Once the surcharge is collected, the money is entrusted to the federal government to be managed properly, and it was never intended to run day-to-day operations and lobbying campaigns of an extremist industry trade association that defends keeping pigs in lifelong inhumane confinement in small cages, making a mess of rural communities by filling open-air lagoons with extraordinary volumes of liquefied manure, resisting efforts to phase out its overuse of antibiotics for non-therapeutic purposes, and blocking action to limit its significant contributions to greenhouse gas emissions and other air pollutants.

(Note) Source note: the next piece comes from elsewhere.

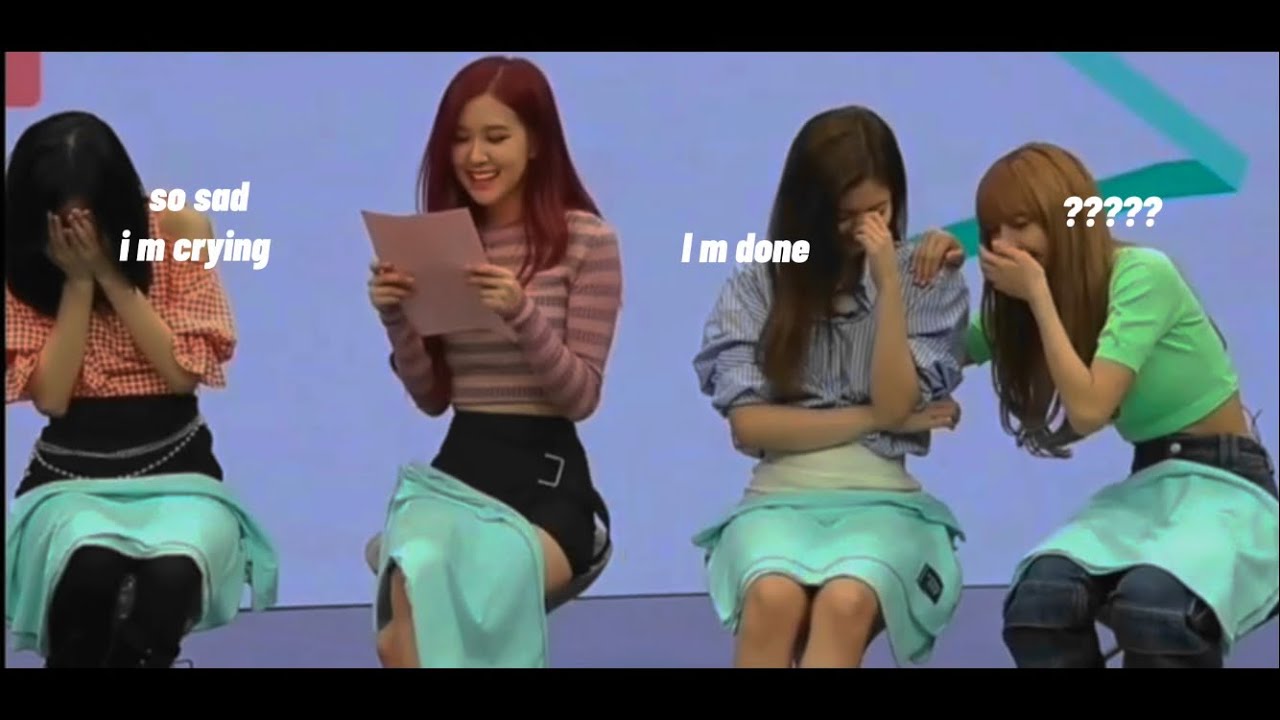 Jisoo and Rosè reading boombayah & playing with fire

The ruling clears the way for a lawsuit filed by The HSUS, Iowa Citizens for Community Improvement, and an independent pig farmer to halt the misdirection of millions in generic commodity promotion funding to the NPPC. The court explained: “The plaintiffs claim that the Board did not buy the slogan for its value as a marketing tool. They allege that the Board used the purchase of the slogan as a means to cut a sweetheart deal with the Council to keep the Council in business and support its lobbying efforts. They maintain that the Board overpaid for the slogan and that the Board’s shift to the Pork:Be Inspired campaign makes the initial slogan all but worthless.”

If we prevail in the end, we will not only have done a service for animals, family farmers, and rural residents, but we will have halted corruption and a sweetheart deal to Big Pork. This sort of misdirecting of resources should never have been tolerated, and The HSUS and others should not have had to sue to secure this outcome.